- _DIRECTIONS_
Only the pictures stay out; please return all the entries below exactly as written.

Web page caption snippets:
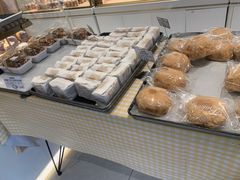 -烘焙町面包店(西四店)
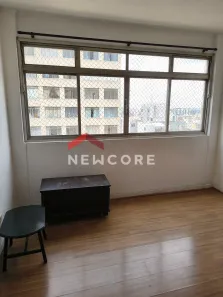 Apartamento com 2 Quartos à venda, 70m² no Santa Cecília, São Paulo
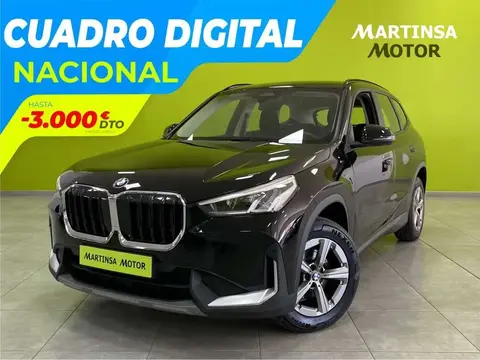 Annonce BMW X1 Essence 2023 d'occasion 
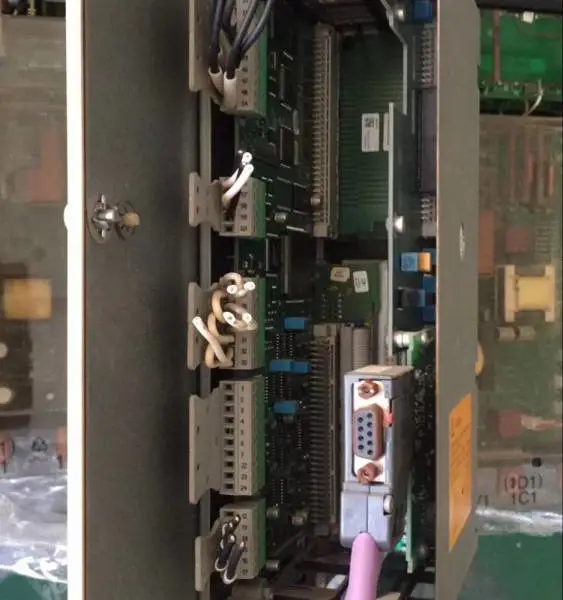 销售西门子全新和二手6RA8025-6DV22-0AA0直流调速器
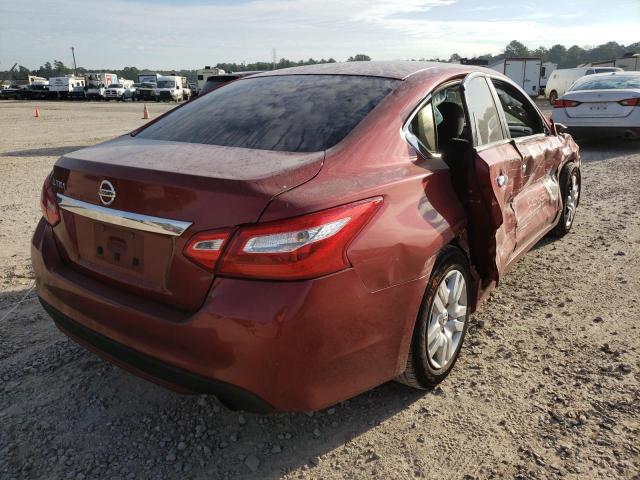 2016 NISSAN ALTIMA 2.5 1N4AL3AP7GN363455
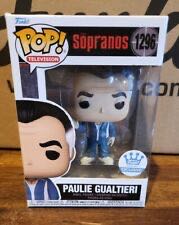 Freddy Funko (Superman) (Justice League)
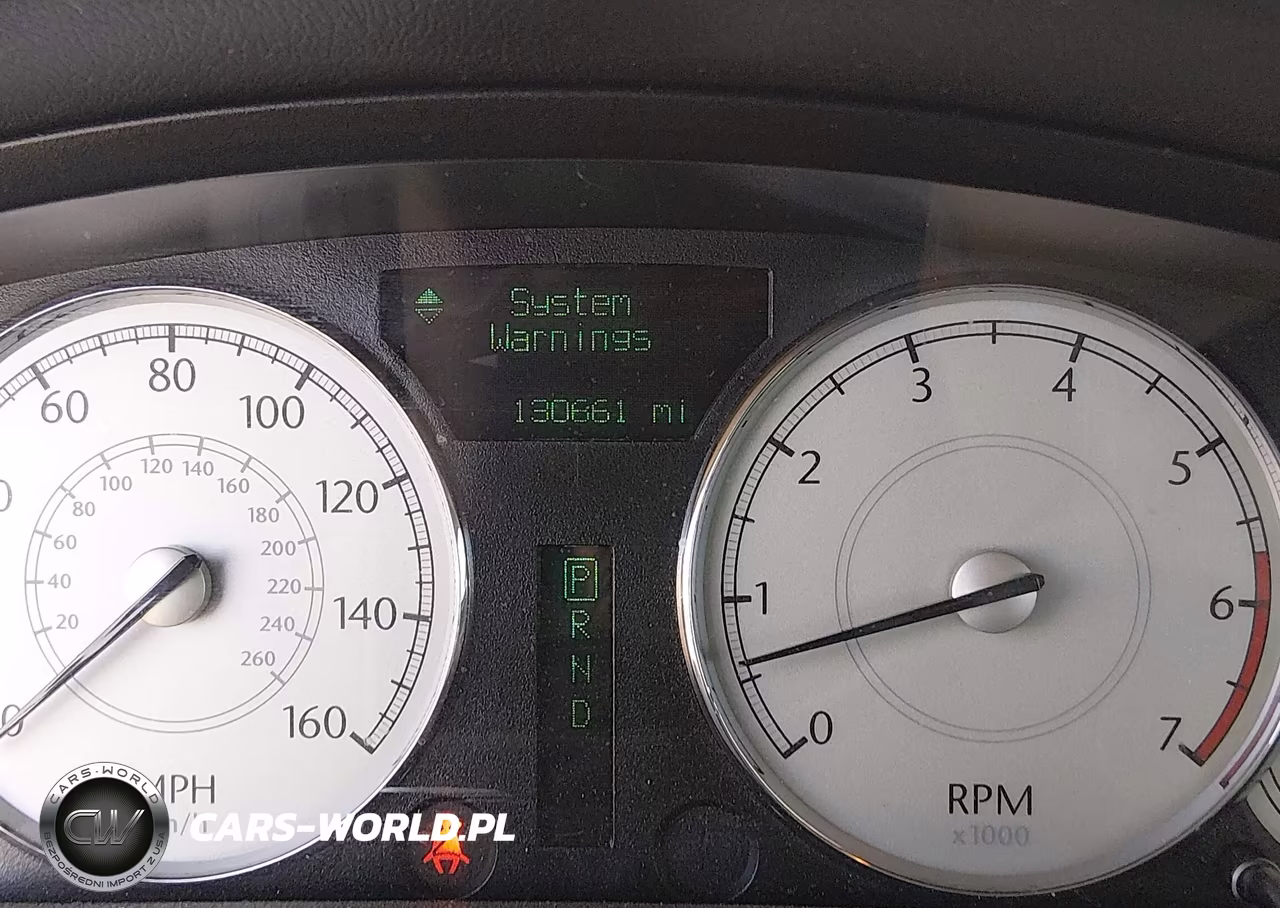 2005 Chrysler 300C VIN:2C3AA63H55H593948 - 7
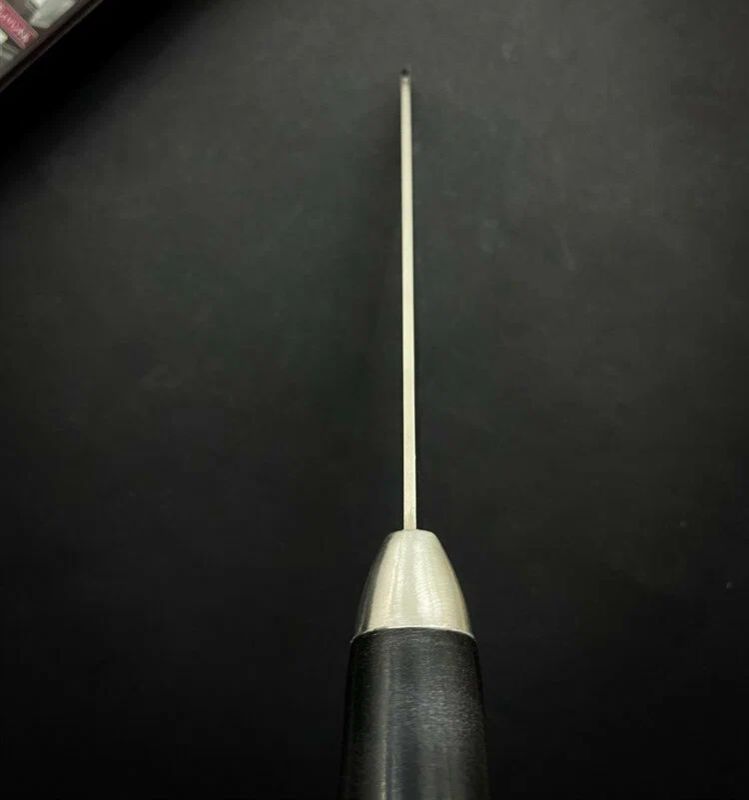 ��� �������� Shimomura MBS-101 MURATO Basic (��������-���������� �����), ������� 170 ��, ������� POM �������, ������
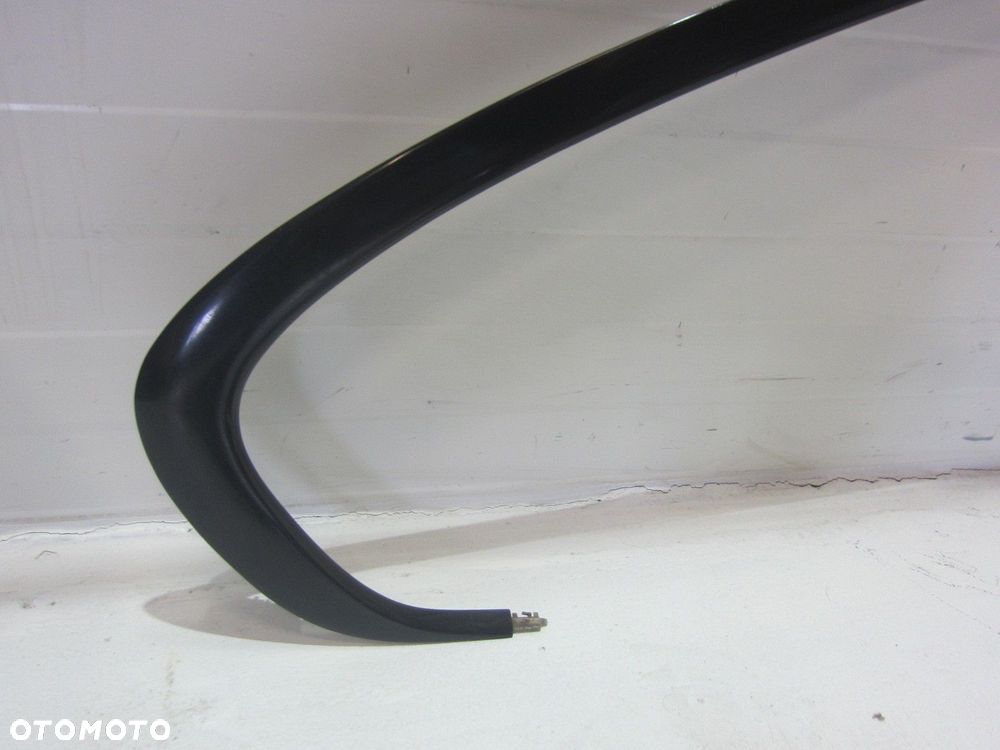 BMW E92 COUPE LISTWY BOCZNE SHADOWLINE MPAKIET POŁYSK 7119079 KOMPLET - 2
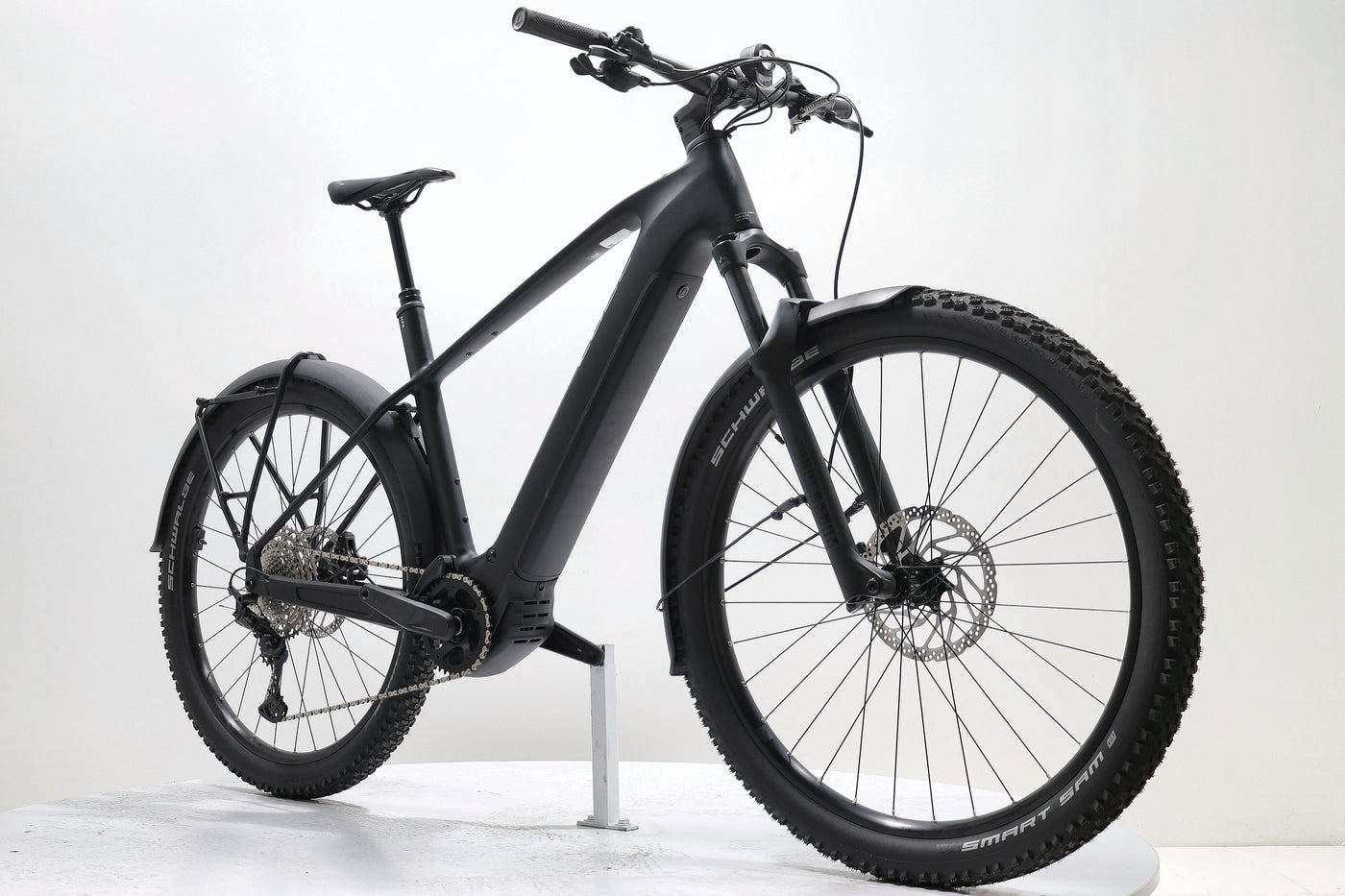 CUBE Reaction Hybrid Race 800 Allroad 2025 T.XXL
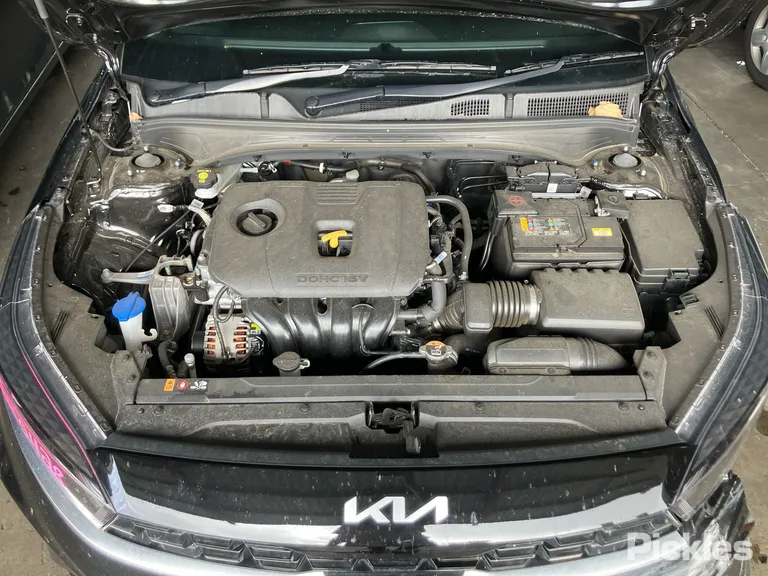 2024 Kia Cerato Used VIN KNAF251CMR5190139 – photo 12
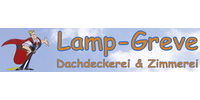 Kundenlogo Dachdeckerei Lamp-Greve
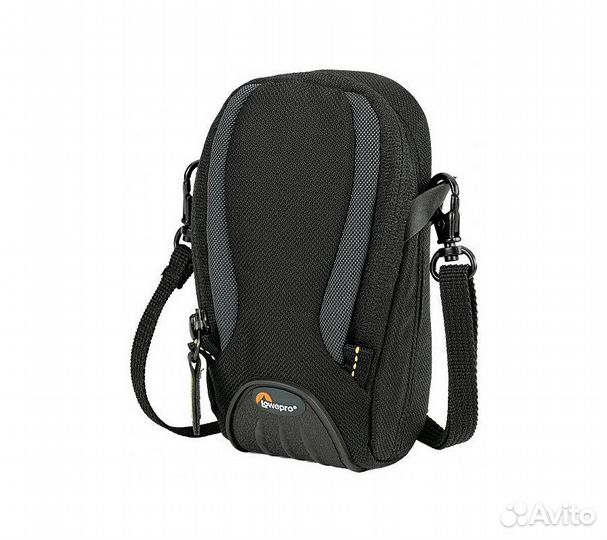 Фотосумка Lowepro Apex 30 AW черный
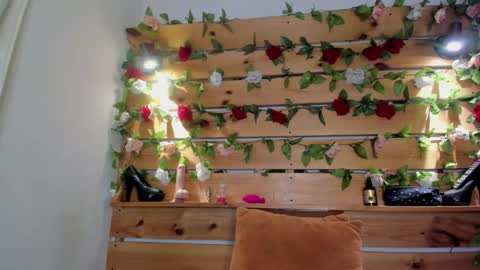 Sharol online show from 03/01/25, 03:43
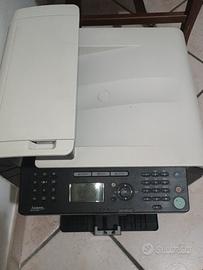 Stampante Canon isensys  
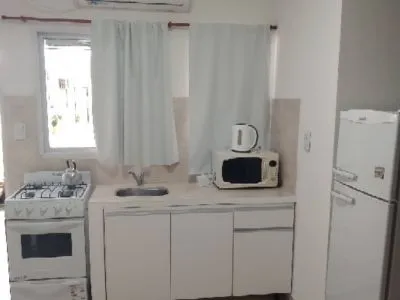 Bungalows Departamentos Arandu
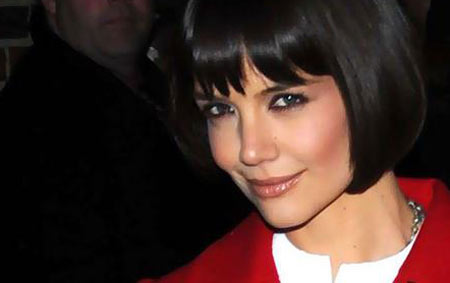 Movies Katie Holmes   on Katie Holmes Has Been Cast In The Lead Role In The Thriller     Don T
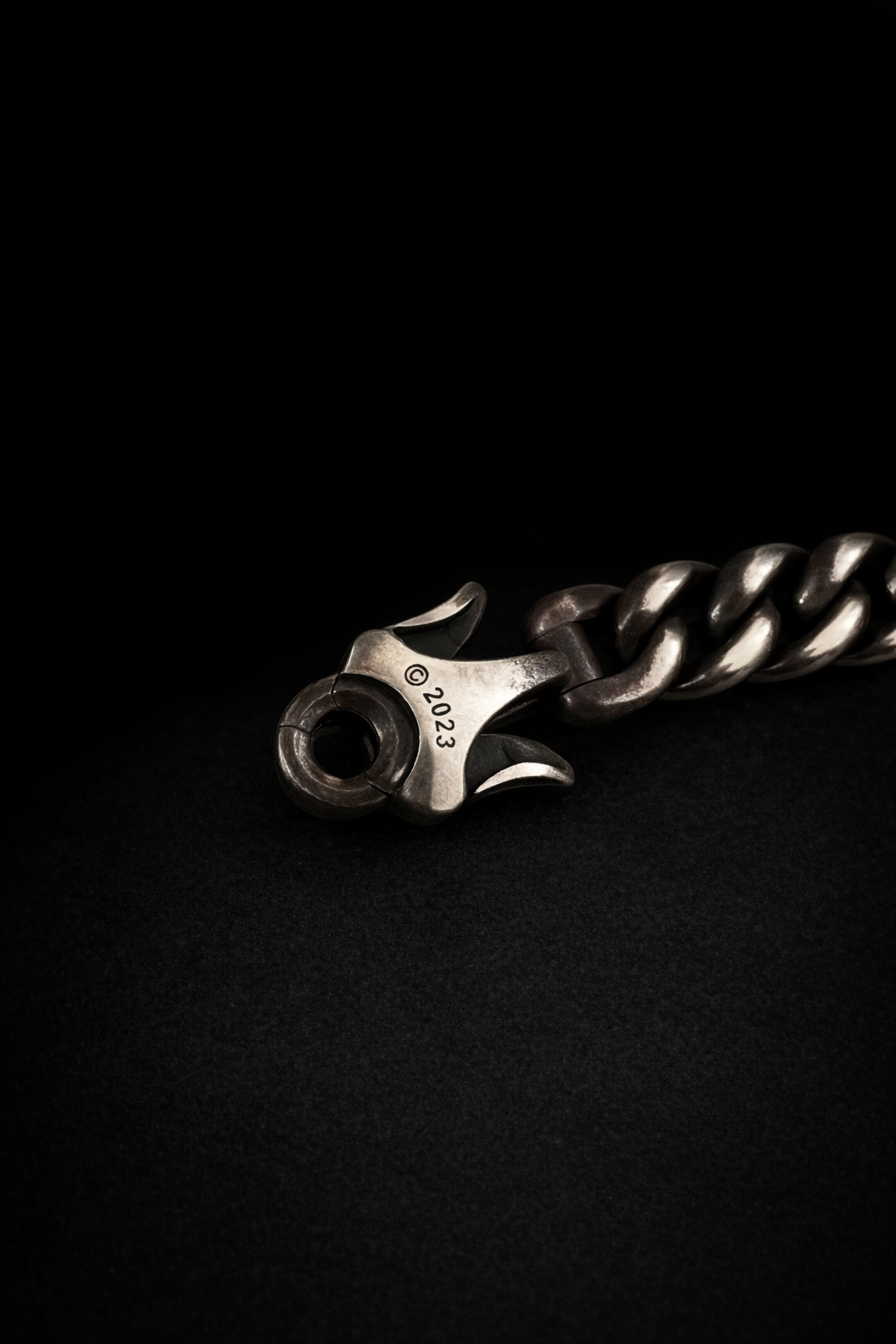 Good Art HLYWD Model 10 2A Bracelet – 8” Class B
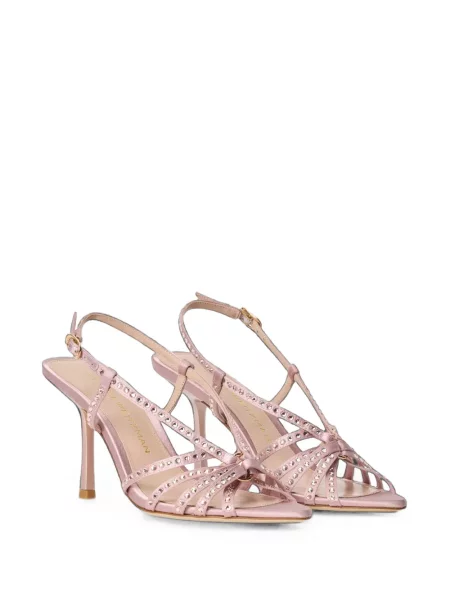 Sandale Stuart Weitzman roz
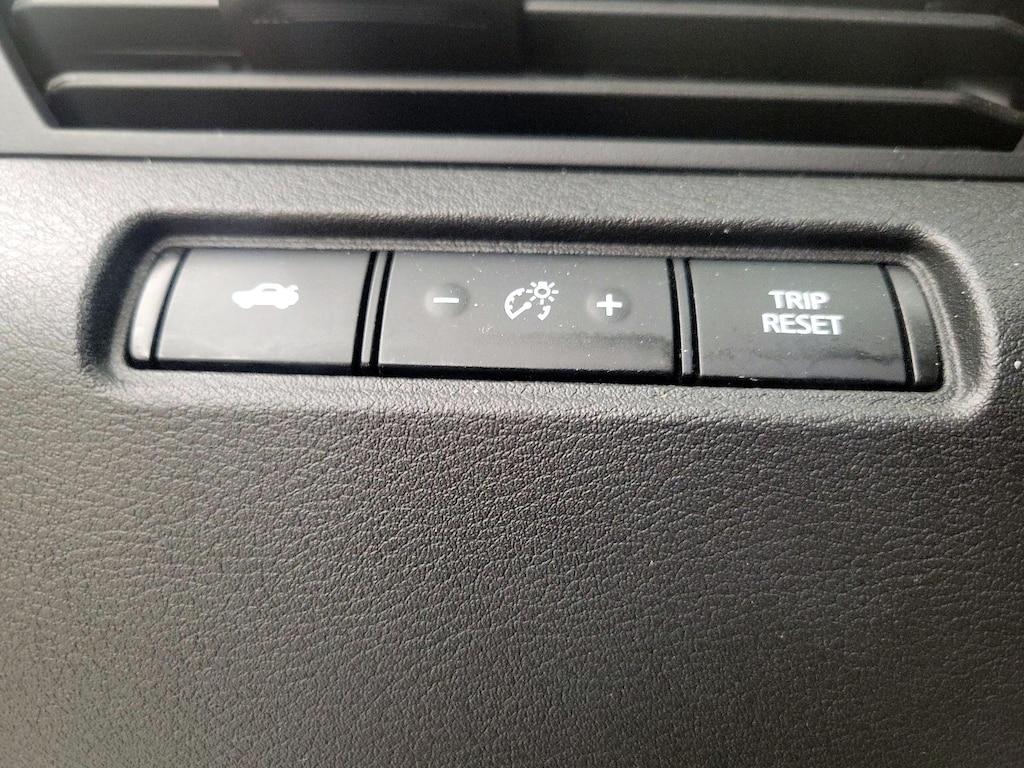 used 2023 Nissan Altima car, priced at $19,998
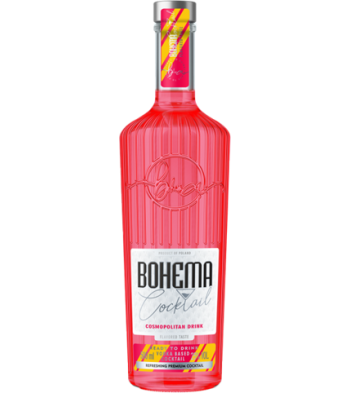 BOHEMA COSMOPOLITAN 500ml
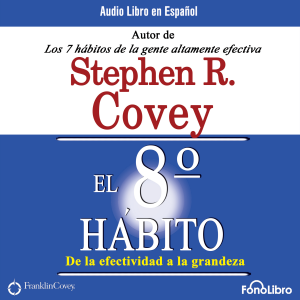 El Octavo Habito-logo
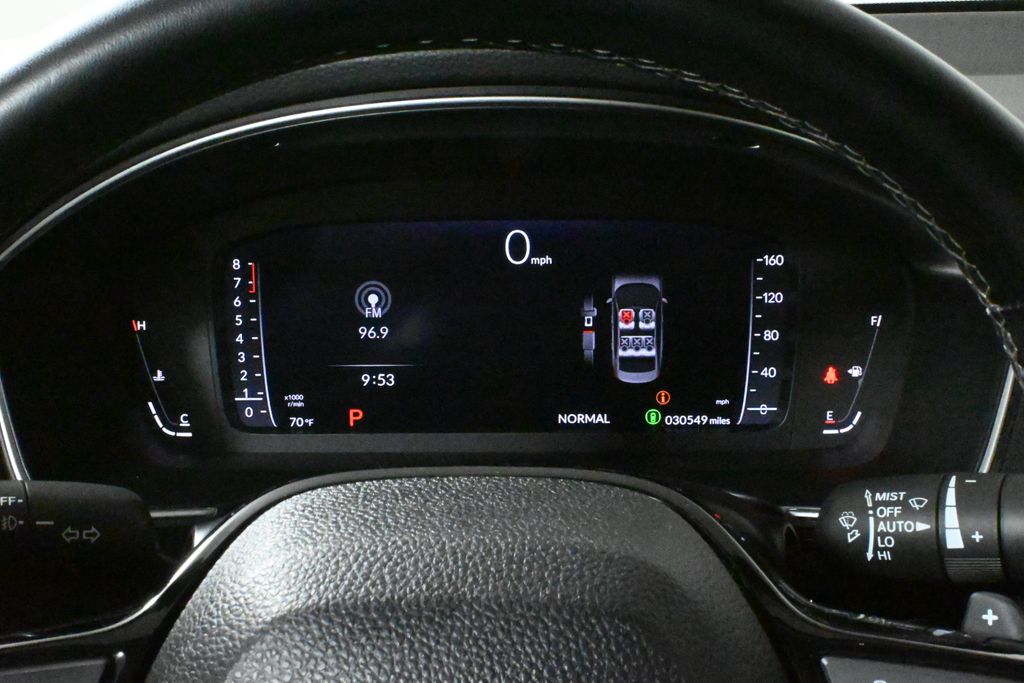 Thumbnail: 2024 Honda Civic - 19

- _SOLUTION_
 -烘焙町面包店(西四店)
 Apartamento com 2 Quartos à venda, 70m² no Santa Cecília, São Paulo
 Annonce BMW X1 Essence 2023 d'occasion 
 销售西门子全新和二手6RA8025-6DV22-0AA0直流调速器
 2016 NISSAN ALTIMA 2.5 1N4AL3AP7GN363455
 Freddy Funko (Superman) (Justice League)
 2005 Chrysler 300C VIN:2C3AA63H55H593948 - 7
 ��� �������� Shimomura MBS-101 MURATO Basic (��������-���������� �����), ������� 170 ��, ������� POM �������, ������
 BMW E92 COUPE LISTWY BOCZNE SHADOWLINE MPAKIET POŁYSK 7119079 KOMPLET - 2
 CUBE Reaction Hybrid Race 800 Allroad 2025 T.XXL
 2024 Kia Cerato Used VIN KNAF251CMR5190139 – photo 12
 Kundenlogo Dachdeckerei Lamp-Greve
 Фотосумка Lowepro Apex 30 AW черный
 Sharol online show from 03/01/25, 03:43
 Stampante Canon isensys  
 Bungalows Departamentos Arandu
 Movies Katie Holmes   on Katie Holmes Has Been Cast In The Lead Role In The Thriller     Don T
 Good Art HLYWD Model 10 2A Bracelet – 8” Class B
 Sandale Stuart Weitzman roz
 used 2023 Nissan Altima car, priced at $19,998
 BOHEMA COSMOPOLITAN 500ml
 El Octavo Habito-logo
 Thumbnail: 2024 Honda Civic - 19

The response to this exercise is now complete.